◆ Short descriptive text snippets:
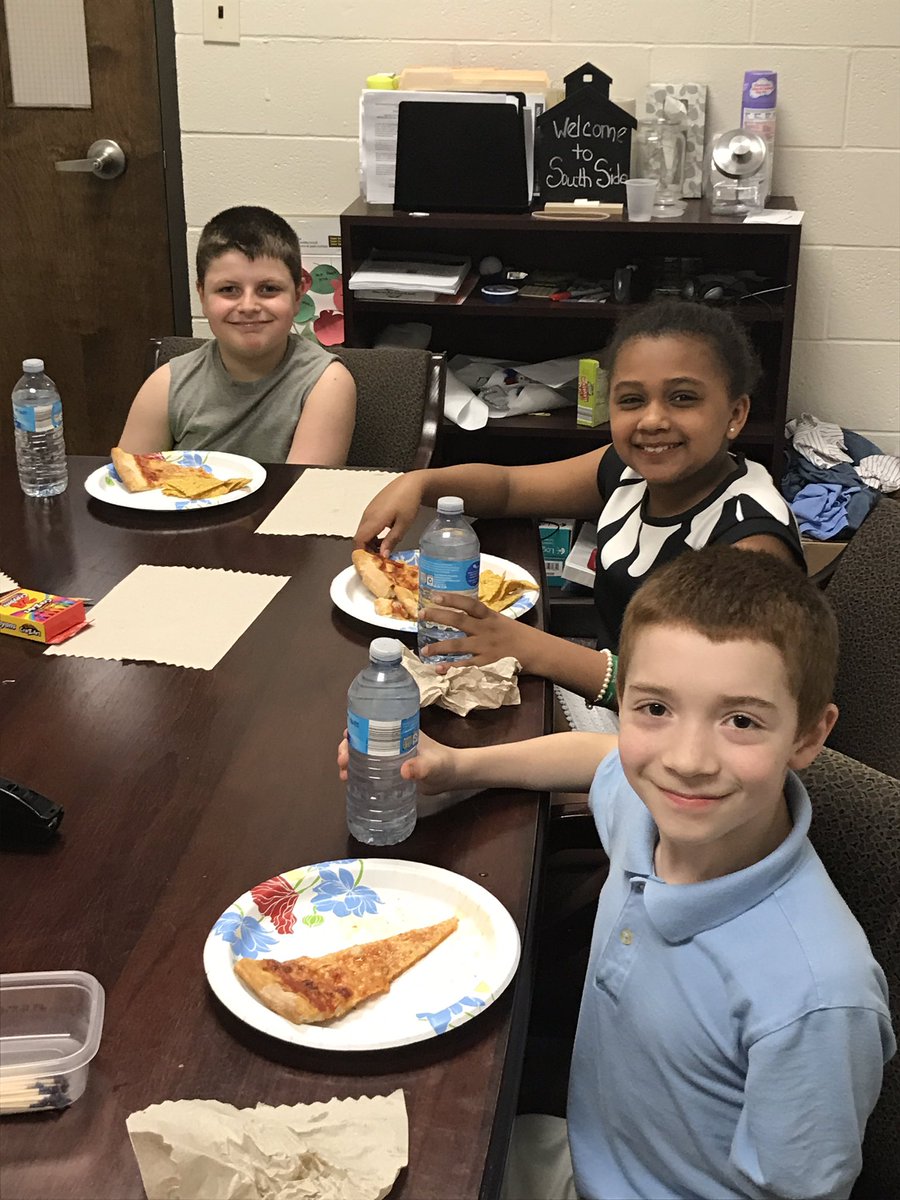DavidJHuber's tweet photo. Pizza lunch is fun. Pizza lunch with these pretty cool Kindergarten through 5th graders is even better. #sssct https://t.co/JWOBoabV7O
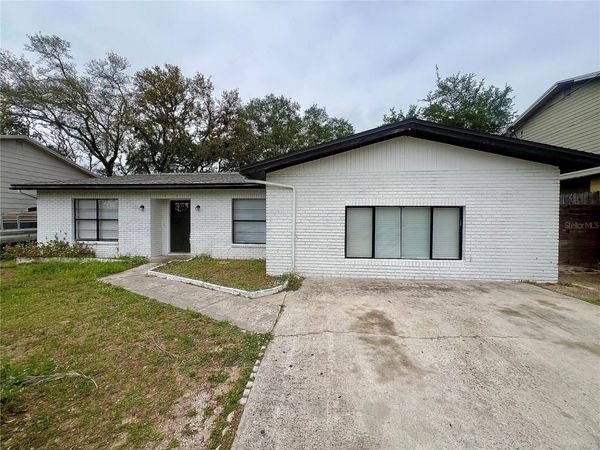 4614 E SENECA AVENUE , TAMPA, FL 33617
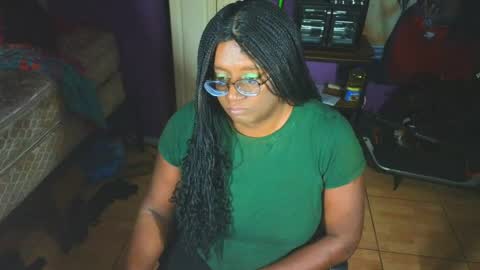 Snapshot of naomifux chatting on April 29, 2026, 6:28 am Naomi online show from April 29, 2026, 6:28 am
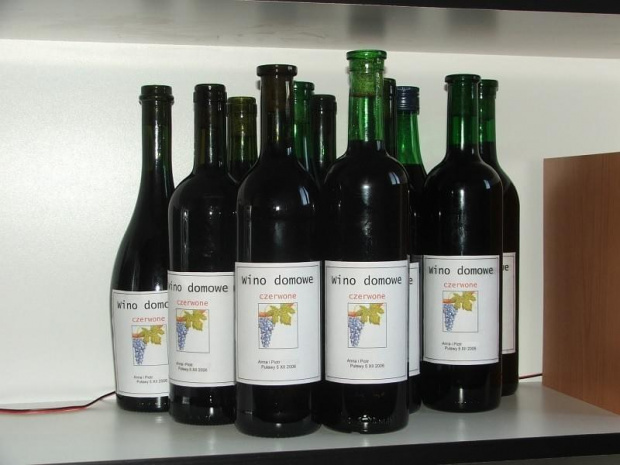 Wino po przyklejeniu etykietek #wino #butelka #butelki #winogrona #etykieta #etykiety #nalepka #nalepki #czerwone #gronowe #Karmanowice #winnica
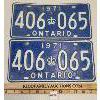 Image 1 : PAIR OF 1971 ONTARIO LICENSE PLATES 
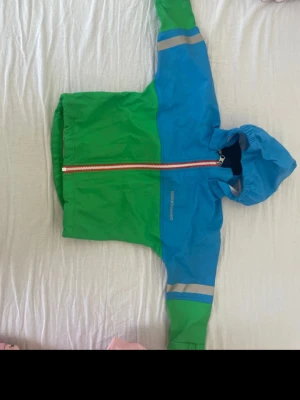 Regnset från Didriksons - Ofodrad regnjacka och regnbyxor. Använda fåtal gånger. Djur/rökfritt hem. Strl 80cm ca 12-18 månader. Säljes som set.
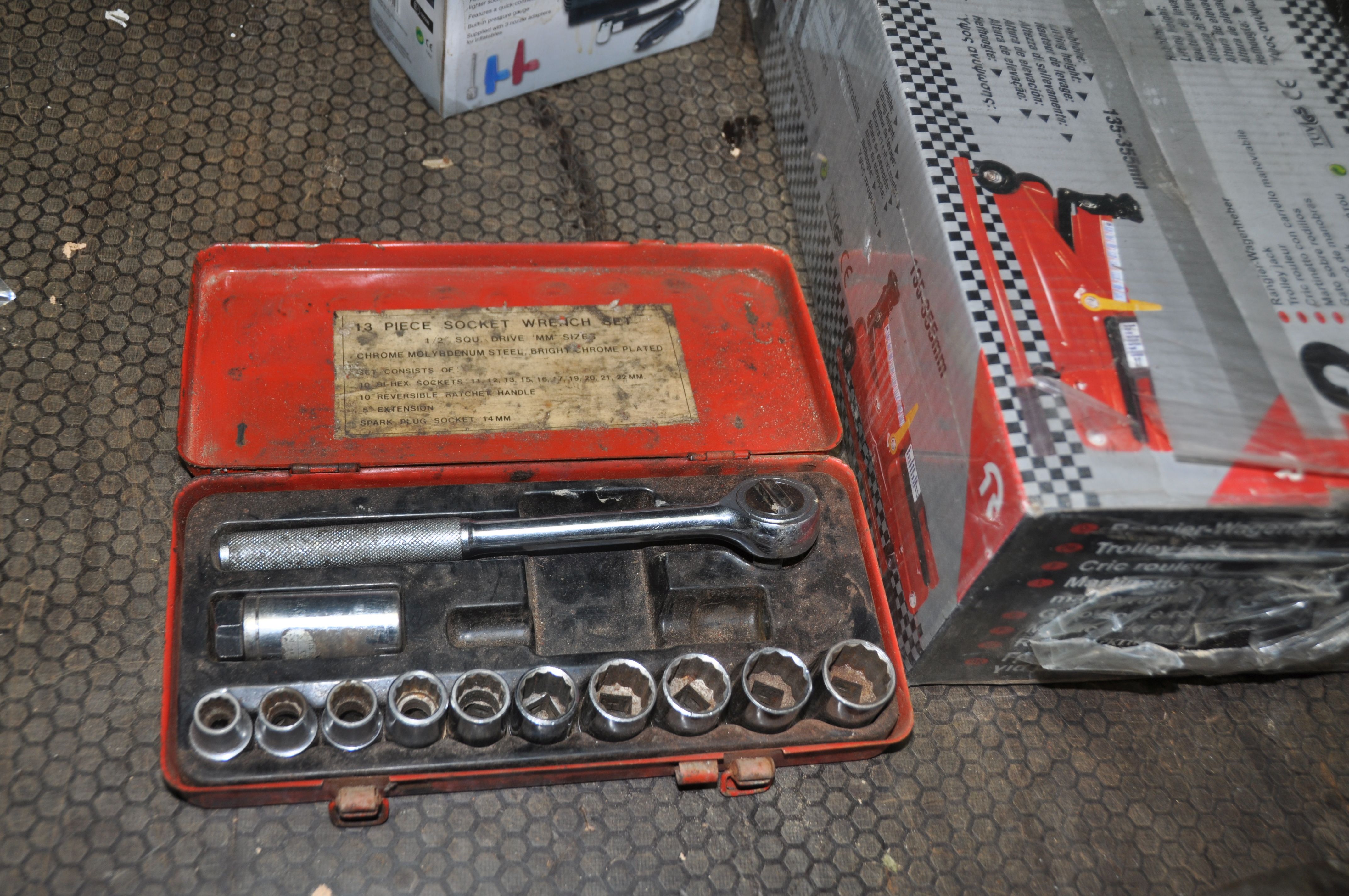 A COLLECTION OF AUTOMOTIVE TOOLS including a brand new still packaged 2 tonne trolley jack, two ' - Image 5 of 5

◆ Activity:
The answer must be an exact restatement of all the records, with no pictures included.

◆ Exercise response:
DavidJHuber's tweet photo. Pizza lunch is fun. Pizza lunch with these pretty cool Kindergarten through 5th graders is even better. #sssct https://t.co/JWOBoabV7O
 4614 E SENECA AVENUE , TAMPA, FL 33617
 Snapshot of naomifux chatting on April 29, 2026, 6:28 am Naomi online show from April 29, 2026, 6:28 am
 Wino po przyklejeniu etykietek #wino #butelka #butelki #winogrona #etykieta #etykiety #nalepka #nalepki #czerwone #gronowe #Karmanowice #winnica
 Image 1 : PAIR OF 1971 ONTARIO LICENSE PLATES 
 Regnset från Didriksons - Ofodrad regnjacka och regnbyxor. Använda fåtal gånger. Djur/rökfritt hem. Strl 80cm ca 12-18 månader. Säljes som set.
 A COLLECTION OF AUTOMOTIVE TOOLS including a brand new still packaged 2 tonne trolley jack, two ' - Image 5 of 5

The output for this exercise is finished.